In my case, I will use 4227 powder, 180 grn bullets, pencil on the topstrap and have a lot of fun with my Max. I bought it to shoot, and I will shoot it till it cuts itself apart. I sincerely doubt it will happen in my lifetime though.

Good luck.

August 10, 2006, 10:36 PM
I'm beginning to see some light signs of flame cutting on my S&W 5" 460v. It's had maybe 500 rounds of .460 through it (mostly Cor-Bon 300 gr. jsp's)and 1,000 or so .454's also maybe 2K of .45 long colt. Guess flame cutting is just an issue to be dealt with when pushing revolver calibers to their maximum. If it gets severe I plan on leaning on S&W for a replacement.

August 11, 2006, 12:28 AM
Just to show what we are talking about - here is quite marked flame cutting on my 686 - it was owned by a great guy in Vegas, now sadly departed - and he shot large amounts of very hot .357's.
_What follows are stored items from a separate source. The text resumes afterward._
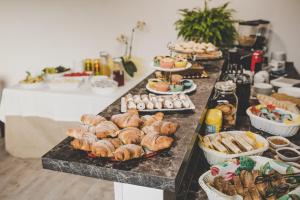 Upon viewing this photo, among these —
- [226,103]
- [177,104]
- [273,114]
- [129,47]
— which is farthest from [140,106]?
[129,47]

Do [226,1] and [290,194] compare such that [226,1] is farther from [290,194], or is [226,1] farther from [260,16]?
[290,194]

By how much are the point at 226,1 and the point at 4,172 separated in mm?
3270

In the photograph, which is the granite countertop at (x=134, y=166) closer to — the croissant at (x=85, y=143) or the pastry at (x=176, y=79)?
the croissant at (x=85, y=143)

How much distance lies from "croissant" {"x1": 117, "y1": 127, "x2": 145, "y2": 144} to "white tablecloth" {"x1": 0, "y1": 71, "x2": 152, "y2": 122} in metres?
2.10

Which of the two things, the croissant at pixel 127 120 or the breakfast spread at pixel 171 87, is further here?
the breakfast spread at pixel 171 87

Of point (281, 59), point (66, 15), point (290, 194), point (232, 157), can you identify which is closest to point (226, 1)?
point (281, 59)

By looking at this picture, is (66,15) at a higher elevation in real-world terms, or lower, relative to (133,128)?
higher

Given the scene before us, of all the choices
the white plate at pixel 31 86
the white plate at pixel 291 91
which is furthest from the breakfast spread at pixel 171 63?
the white plate at pixel 31 86

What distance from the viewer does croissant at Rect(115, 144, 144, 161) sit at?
104cm

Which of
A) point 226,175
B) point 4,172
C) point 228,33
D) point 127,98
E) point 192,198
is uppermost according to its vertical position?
point 228,33

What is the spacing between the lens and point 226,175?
1.26 metres

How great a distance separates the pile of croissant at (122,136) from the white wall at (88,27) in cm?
300

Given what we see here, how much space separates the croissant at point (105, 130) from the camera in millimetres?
1179

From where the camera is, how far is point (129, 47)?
441 centimetres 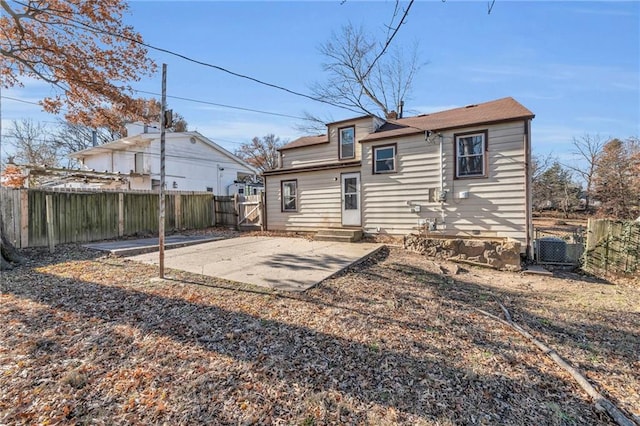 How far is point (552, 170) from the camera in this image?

The gun is still well tight enough and I bought it for PPC using target loads so - it has an easy life now. But as has been said - the process appears to be both inevitable and also self limiting - not something to be overly concerned about IMO.

August 11, 2006, 08:45 AM

Dan Wesson seemed to believe (base on ?) that forcing cone errosion was also a problem. That's why they included a free barrel with my 357Maximum some 20 years ago. So while you have eliminated the top strap cutting you may still have to contend with forcing cone errosion in a TC or Encore. By the way I have a 357Maximum 20 inch barreled TC that I shoot 125 grainers as fast as I can get them out of the barrel and have not seen any barrel errosion but my barrel has only about 1000 rounds through it. The cutting of the top strap shows up almost immediately while the barel errosion (if it ever occurs) must take more time.


August 11, 2006, 08:45 AM

That revolver must have had a very large number of rounds through it to have the topstrap cut like that. How in the world did you get it so clean??? LeadAway???



August 11, 2006, 11:59 AM
Stinger - can't recall my cleaning method to be honest. I do use a stiff bristle brush for top strap and around forcing cone - with patience and elbow grease! Usually helped by #9.
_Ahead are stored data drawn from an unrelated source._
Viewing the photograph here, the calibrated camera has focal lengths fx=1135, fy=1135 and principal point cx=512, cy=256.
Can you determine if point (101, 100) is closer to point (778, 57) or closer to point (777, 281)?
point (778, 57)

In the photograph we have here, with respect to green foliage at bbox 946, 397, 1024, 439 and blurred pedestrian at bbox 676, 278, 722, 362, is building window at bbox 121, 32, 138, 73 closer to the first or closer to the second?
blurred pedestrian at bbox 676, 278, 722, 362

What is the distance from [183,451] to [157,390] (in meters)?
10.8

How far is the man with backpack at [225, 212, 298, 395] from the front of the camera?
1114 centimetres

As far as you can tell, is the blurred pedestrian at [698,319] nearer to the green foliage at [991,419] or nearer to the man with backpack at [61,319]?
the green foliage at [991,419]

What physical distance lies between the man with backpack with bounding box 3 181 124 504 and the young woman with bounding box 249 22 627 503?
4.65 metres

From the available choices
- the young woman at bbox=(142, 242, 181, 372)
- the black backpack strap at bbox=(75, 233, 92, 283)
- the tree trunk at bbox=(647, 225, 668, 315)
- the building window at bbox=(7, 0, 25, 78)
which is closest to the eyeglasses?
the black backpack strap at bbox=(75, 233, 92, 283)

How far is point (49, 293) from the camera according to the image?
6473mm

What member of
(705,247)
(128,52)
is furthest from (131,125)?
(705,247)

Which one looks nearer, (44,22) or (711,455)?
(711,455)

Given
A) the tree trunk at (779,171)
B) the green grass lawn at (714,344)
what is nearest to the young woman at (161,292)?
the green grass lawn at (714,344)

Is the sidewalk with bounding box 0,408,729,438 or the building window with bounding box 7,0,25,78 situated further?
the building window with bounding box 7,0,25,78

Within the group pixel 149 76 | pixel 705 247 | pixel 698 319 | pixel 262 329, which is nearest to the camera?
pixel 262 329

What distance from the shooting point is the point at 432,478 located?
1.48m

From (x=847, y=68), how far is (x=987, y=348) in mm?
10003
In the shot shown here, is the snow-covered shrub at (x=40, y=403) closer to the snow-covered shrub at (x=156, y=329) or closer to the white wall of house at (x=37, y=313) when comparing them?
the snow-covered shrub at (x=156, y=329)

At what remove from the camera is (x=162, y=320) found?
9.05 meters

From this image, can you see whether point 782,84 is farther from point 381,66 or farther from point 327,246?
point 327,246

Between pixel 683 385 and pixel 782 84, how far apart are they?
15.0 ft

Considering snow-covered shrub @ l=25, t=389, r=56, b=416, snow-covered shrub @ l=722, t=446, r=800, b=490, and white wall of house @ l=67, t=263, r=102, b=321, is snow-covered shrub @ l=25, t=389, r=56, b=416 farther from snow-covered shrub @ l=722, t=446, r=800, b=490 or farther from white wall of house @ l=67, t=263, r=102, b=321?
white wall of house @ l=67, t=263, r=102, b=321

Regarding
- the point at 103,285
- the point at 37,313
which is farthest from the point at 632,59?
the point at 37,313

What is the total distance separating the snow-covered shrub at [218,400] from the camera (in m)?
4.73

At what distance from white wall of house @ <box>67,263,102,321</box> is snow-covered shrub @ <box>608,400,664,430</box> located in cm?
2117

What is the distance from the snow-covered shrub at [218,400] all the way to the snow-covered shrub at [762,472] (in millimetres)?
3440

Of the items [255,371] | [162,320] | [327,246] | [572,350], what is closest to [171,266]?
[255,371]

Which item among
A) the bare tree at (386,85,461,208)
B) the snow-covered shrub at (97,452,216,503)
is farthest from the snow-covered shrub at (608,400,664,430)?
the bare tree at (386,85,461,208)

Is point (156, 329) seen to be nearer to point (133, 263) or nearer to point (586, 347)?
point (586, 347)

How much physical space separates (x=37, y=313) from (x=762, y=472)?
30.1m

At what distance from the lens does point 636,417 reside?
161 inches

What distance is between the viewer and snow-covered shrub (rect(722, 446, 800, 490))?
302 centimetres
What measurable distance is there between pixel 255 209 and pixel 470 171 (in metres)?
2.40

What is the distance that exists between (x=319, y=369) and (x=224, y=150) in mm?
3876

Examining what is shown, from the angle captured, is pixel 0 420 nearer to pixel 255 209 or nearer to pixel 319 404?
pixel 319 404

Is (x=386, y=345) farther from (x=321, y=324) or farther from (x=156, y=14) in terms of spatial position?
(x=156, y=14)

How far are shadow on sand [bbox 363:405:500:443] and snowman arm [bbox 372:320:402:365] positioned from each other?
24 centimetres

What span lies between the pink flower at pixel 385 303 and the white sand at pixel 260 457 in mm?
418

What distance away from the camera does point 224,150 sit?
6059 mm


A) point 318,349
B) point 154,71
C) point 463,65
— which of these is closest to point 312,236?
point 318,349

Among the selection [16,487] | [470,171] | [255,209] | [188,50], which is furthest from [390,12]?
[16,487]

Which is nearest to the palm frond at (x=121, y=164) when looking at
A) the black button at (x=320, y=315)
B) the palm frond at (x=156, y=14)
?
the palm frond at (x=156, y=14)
I do not think much lead had gone thru the gun so actual leading was not an issue. Bore is pretty good.

August 11, 2006, 06:21 PM
It's funny, but when Ruger came out with the .357 Maximum and I read about it, I asked my dealer how they were going to deal with gas cutting. He didn't know and I shrugged it off and dang if that's not what killed it. Must have been the time the old man was out of the loop. It was such an obvious thing.

There were also some reports of cylinder cone cracking on some Ruger Security-Sixes, but I never saw any. Some people I know shot around 30,000 rounds of hot magnum rounds without any parts replacements. Compare that with around 4,500-5,500 magnum rounds with the Smith 66 and it's not bad.

Both Smith and Ruger beefed up their cylinder cones on later magnums, though.

August 11, 2006, 11:49 PM
There were also some reports of cylinder cone cracking on some Ruger Security-Sixes, but I never saw any

Cracked the forcing cone in my Security running 110 gr. Gold dots @ 1810 FPS. Gun still shoots fine, but the rod gets pretty dirty.

To my original question, it's not that I haven't dealt with falme-cutting before, it just seems awfully advanced in my SRH for the low round count. My K-frames all have a bit, but they had been well-used by the time I got them.